Comme vous avez sans doute pu le déduire, j’ai 42 ans. Je
suis ingénieur, j’ai mon entreprise, je suis père de famille et j’ai eu
l’occasion de travailler à l’étranger à quelques reprises. Disons seulement que
je ne suis pas l’archétype d’un gauchiste-hippie-
va-donc-te-faire-couper-les-cheveux-le-pouilleux-les-BS-s’y-veulent-de-l’argent-qu’y-fassent-comme-moué-pis-qu’y-travaillent-crisse
(pour paraphraser Elvis Gratton). Malgré tout ça, j’ai envie de parler de ce
qui se passe en ce moment, et de ce que ça me fait vivre.
À mon âge, je fais
partie de la génération X. Pas LES X mais la génération X. Pour ceux qui
l’ignorent, le X signifiait à l’époque une génération sans nom, qui serait oubliée,
que la société a abandonnée à eux même, ce qui n’est pas une première dans l’histoire.
Je dis généralement que nous avons été élevés comme des baby-boomers mais qu’au
moment de nos études ou de notre arrivée sur le marché du travail, ce beau rêve
s’est effondré. Finies les jobs au gouvernement avec un bac. en histoire ou en
socio, fini la grosse job de col bleu avec un secondaire 2 en poche. Que nous
est-il donc arrivé par la suite ? Un épouvantable traumatisme collectif qui
nous a fait nous cacher dans notre coin, sans plus vouloir en sortir. Chez ceux
qui sont moins diplômés, ça a créé ceux qu’on appelle les WAYM (White Angry
Young Men) qui carburent à la démagogie du type ADQ-CAQ et la base du fidèle
public de la radio parlée de Québec.
Mon ami Tuan me faisait remarquer que lorsque nous étions
aux études, nous aussi les frais de scolarité ont augmenté considérablement (je
crois qu’il a plutôt parlé de quadrupler). C’est sans compter les passes que
nous nous sommes fait faire par le régime de prêts et bourses. Qu’avons-nous
fait ? Rien, bien sûr. Nous sommes restés sur notre jambon, à subir, notre
traumatisme collectif nous rendant allergiques à la mobilisation et au
militantisme… et qu’arrive-t-il quand on ne fait rien en démocratie ? Eh ben on
finit par se faire fourrer, et c’est ce qui nous est arrivé.

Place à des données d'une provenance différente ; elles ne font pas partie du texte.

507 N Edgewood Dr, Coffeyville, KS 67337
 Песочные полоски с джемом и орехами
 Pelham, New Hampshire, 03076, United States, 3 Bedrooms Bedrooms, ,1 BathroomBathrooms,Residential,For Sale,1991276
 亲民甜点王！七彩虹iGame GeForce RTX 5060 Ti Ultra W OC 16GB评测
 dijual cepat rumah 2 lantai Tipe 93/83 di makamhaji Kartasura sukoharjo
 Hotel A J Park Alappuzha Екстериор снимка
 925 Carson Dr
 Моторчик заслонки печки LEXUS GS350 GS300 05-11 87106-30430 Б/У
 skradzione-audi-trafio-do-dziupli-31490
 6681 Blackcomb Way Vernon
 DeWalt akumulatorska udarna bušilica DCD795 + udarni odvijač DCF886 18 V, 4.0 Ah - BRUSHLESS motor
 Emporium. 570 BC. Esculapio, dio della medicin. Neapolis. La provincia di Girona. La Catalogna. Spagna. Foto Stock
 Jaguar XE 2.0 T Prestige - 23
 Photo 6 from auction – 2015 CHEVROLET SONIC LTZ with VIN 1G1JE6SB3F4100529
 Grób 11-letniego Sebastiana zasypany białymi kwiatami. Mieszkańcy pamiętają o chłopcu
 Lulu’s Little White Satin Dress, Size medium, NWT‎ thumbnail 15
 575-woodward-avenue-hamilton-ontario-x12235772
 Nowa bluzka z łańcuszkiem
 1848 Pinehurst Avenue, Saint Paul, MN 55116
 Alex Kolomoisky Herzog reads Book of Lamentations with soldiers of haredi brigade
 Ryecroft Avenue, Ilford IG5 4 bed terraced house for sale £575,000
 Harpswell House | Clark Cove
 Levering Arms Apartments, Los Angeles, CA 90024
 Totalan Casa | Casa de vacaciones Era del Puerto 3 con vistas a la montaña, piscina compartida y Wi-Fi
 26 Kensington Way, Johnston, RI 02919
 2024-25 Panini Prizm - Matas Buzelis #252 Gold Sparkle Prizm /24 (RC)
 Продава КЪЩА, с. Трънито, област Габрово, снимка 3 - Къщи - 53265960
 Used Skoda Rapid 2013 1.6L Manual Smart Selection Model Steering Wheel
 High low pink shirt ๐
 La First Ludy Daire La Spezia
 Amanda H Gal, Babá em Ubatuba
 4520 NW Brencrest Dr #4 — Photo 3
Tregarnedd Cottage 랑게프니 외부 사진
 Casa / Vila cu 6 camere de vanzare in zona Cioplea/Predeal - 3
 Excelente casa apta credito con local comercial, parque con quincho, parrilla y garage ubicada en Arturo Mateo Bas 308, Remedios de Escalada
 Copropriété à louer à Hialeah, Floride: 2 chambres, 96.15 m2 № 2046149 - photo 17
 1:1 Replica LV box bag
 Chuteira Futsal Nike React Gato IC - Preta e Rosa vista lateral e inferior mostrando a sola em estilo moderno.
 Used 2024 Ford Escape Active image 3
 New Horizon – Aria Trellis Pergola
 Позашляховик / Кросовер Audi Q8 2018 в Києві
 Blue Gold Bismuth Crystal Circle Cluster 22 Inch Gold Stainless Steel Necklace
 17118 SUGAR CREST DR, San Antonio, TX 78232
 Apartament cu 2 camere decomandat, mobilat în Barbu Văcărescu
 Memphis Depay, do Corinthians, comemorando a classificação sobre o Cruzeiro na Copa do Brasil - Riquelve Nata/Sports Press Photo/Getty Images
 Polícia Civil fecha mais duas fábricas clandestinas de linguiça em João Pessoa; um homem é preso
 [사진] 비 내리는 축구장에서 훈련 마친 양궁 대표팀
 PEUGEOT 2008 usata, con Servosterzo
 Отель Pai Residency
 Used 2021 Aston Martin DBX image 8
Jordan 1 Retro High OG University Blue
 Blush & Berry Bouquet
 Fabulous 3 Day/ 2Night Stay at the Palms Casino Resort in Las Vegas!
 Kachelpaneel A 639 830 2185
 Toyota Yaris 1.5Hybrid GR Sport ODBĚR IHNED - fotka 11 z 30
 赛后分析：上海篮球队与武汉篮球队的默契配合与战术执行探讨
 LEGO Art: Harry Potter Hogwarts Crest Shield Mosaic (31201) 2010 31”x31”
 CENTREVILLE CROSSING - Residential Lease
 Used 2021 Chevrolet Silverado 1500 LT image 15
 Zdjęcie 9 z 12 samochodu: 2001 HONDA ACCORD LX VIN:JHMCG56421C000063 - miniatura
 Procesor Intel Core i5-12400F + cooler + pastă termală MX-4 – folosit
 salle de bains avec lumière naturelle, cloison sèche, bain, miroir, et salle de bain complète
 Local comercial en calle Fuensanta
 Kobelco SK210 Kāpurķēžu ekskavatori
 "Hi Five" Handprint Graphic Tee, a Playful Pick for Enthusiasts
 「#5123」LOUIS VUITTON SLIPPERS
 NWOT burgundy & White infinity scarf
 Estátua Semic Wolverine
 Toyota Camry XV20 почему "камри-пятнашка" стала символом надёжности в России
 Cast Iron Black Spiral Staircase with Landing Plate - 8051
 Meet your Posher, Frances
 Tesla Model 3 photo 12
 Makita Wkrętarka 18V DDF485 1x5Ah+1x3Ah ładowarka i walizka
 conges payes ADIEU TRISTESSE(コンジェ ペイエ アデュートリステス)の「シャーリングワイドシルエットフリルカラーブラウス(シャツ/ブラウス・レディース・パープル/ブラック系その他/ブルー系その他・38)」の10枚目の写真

Mais parlons un peu des prêts et bourses et de la grave
iniquité qu’ils créent. Aujourd’hui, environ 90% de la population est urbaine.
Le premier, j’habite aujourd’hui Montréal. Je pourrais habiter Québec ou
Sherbrooke comme beaucoup de mes vieux potes de la polyvalente que ce serait
pareil. Mais je viens de la campagne. Non, pas de Québec, d’une petite ville ni
d’un village. Je viens d’un rang. Mon père avait une terre et l’argent ne lui
sortait pas par les oreilles. Pour étudier, j’ai donc du m’exiler, comme tant
d’autres.
La plupart de mes anciens potes de la polyvalente ont eu
recours comme moi au régime des prêts et bourses. En clair, ça signifie qu’à la
fin de nos études nous avions des dettes d’entre 15 et 25 000 $. C’est peu me
direz vous, comparé aux 40-50 000 $ d’aujourd’hui ? Effectivement, mais
souvenez vous que nous payions environ 9 % d’intérêt à l’époque et, comme je
l’ai mentionné plus tôt, le marché de l’emploi s’est fermé devant nous. Ainsi,
bon nombre d’entre nous nous sommes retrouvés avec des paiements de 4-500 $ par
mois, en gagnant 20 000 $ par an en travaillant à des jobines. Assez ordinaire
comme début de la vie adulte. Sentiment d’injustice, traumatisme
intergénérationnel renforcé. Pour en remettre, c’est aussi à cette époque que
nous avons vu l’apparition des clauses « orphelin » dans les
conventions collectives et je pourrais continuer longtemps comme ça.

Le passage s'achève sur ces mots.